Answers to ZifNab?'s questions:
- The trojan will have an owner, Jim, because ownership is unaffected by editing.
- I wouldn't trust most authenticated users ;-)
- this is a standard issue with set-uid programs in Unix. The standard solution is: don't give permission to edit executable objects to users who you wouldn't trust executing them. There's really nothing else you can do...
Handling of unowned executables
If an unowned executable is called directly or indirectly from another executable, then the executable can access resources as long as the person running the executable can. In other words, the behavior is the same as for Zope 2.1.6 and earlier.
If an unowned executable is called from an owned executable, then the unowned executable operates as though it had the owned executable's owner.
- Couldn't someone get the same TrojanHorse? functionality just by contriving for a dtml method to be unowned?
- It isn't possible to contrive to make an object
outside of the control panel unowned. It would be necessary to
have extreme (
Manager:) privileges to make unowned objects in the control panel. Someone with that level of priviledge would not need the Trojan Horse.
Objects in the Control Panel
All objects in the control panel are unowned, including ZClasses and their methods.
Bonus hole: Proxy roles
In exploring an alternate solution for the Trojan horse, another hole was discovered. A user can set proxy roles if they have permission to set proxy roles, and if they have the roles they are trying to add at the place that they are set. When a method with proxy roles is run, it can access objects that require the roles anywhere, including places where the user who set the proxy roles doesn't have the roles!
Proxy Roles NG
The meaning of Proxy roles is changing.
An executable never has more roles that it's owner.
If an executable has any proxy roles set, then the executable executes with those roles as long as the owner has the roles, regardless of whether the authenticated user has the roles. So proxy roles can be used to allow an executable to do things that the authenticated user can't.
In addition, if proxy roles are set, then an executable can't access
objects requiring roles that are not listed in the proxy roles, even
if the owner or authenticated user have the required roles. In this
way, proxy roles can limit, as well as expand access.

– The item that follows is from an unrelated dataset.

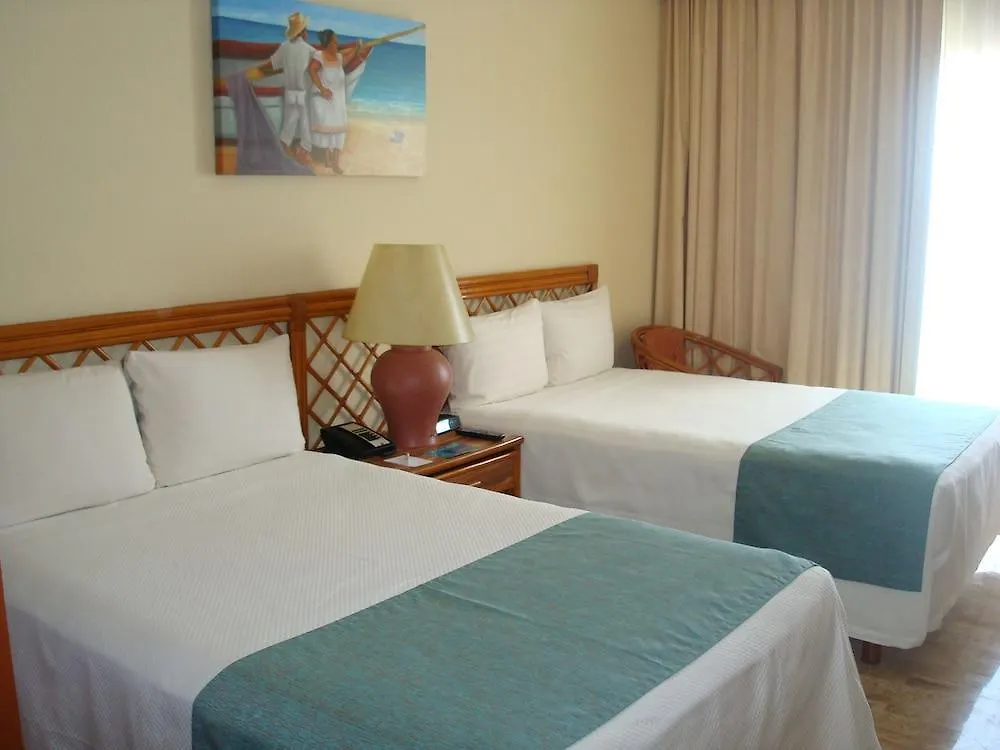 Emporio Cancún 4*,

For example,
on zope.org. one would want to arrange for Wiki pages to have the
Member proxy roles.
- What is the scope of proxy roles?
Currently in 2.1.6 proxy roles only have an effect for DTML objects that are not called from other DTML objects. This is somewhat broken. For 2.2, if an object has proxy roles then those proxy roles will have an effect on the object whether or not it is called as a sub- document. The effect of the proxy roles of the current document will not apply to sub-documents however.
A better security API
As work was being done to fix this issue, it became clear that the implementation of Zope's security policy enforcement was too widely scattered across the codebase, making it difficult to easily make basic changes to the policy. A side benefit of working on this issue is the development of a much better security api that provides a common abstraction and interface for checking and enforcing Zope security. An explanation of the new security policy infrastructure is located in the Interfaces Wiki on Zope.org::
An alpha of Zope 2.2 will be released this week. The 2.2 release will be going through an alpha and beta period to be sure that these changes are tested in a broad variety of environments before final release, and to uncover any hidden migration issues that need to be captured for the final release. A discussion of the possible migration issues for upgrading from 2.1.x will accompany the alpha release and be revised during the alpha and beta period.